Afterwards you’ll want to define the structure of the interviews. This will vary depending on the needs of your project. If your project requires technical skills you might want to include a technical test for candidates to complete, or you could choose to generate a formal structure of interviews to evaluate candidates from a formal perspective, you could also conduct your interview as an informal conversation and ask open ended questions, each of those styles should match a goal that helps you determine whether the candidates are fit for the role you’re looking to fill.
It is often recommended that in the process you evaluate education skills, and work experience as well as previous work samples, but also remember to pay attention and evaluate personality traits, motivators and overall attitude towards the project.
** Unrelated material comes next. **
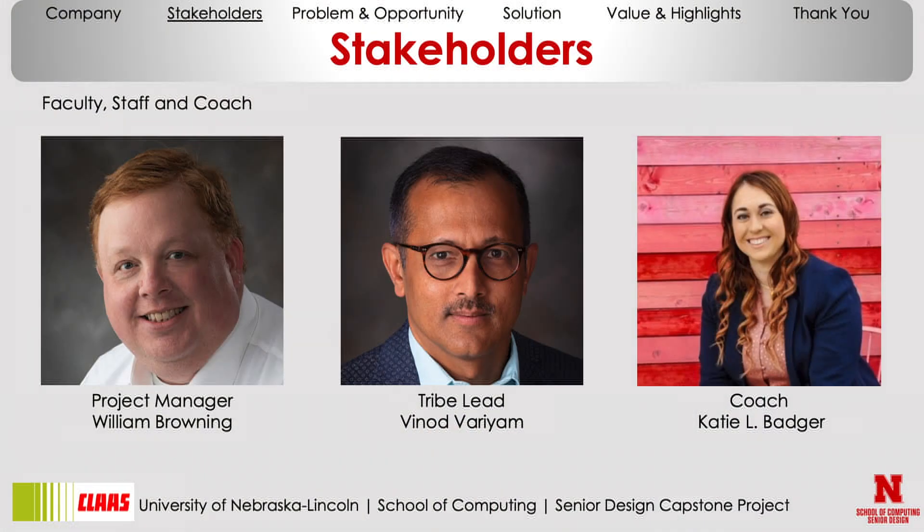Moving on, we have our faculty, staff, and coach. We start off with our project manager, William Browning. We have our tribe lead, Vino Varium, and we have our coach, Katie Badger, who's also here.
Pick your choice and start working
Once you’ve interviewed your candidates and have made a decision on who will be the one filling the position, it’s time you reach written agreements between you or your company, and the remote worker, most common documents that are shared in the process are freelance contracts, non-disclosure agreements, non-compete agreements and letters of agreement.
Depending on your project you could need one or the other, but the idea is that the major terms of work like scope, deliverables, payment terms, timings, deadlines and confidential information are specified in the agreements you choose to use.
Evaluating workers through a trial period in which you assign smaller tasks of the project will allow you to assess their abilities more quickly and determine if they are fit for the role. When they start, remember that you should create a healthy remote working culture, in which people will feel comfortable working with your project.
Lastly, it’s of great importance that you frequently engage through several communication channels, I know I’m being very persistent about communication, but hey, it’s because it’s really important! Establish frequency of messages and daily, weekly, or bi-weekly meetings – and if you’re managing a lot of people at the same time, it’s recommended that you use a simple project management tool such as Trello.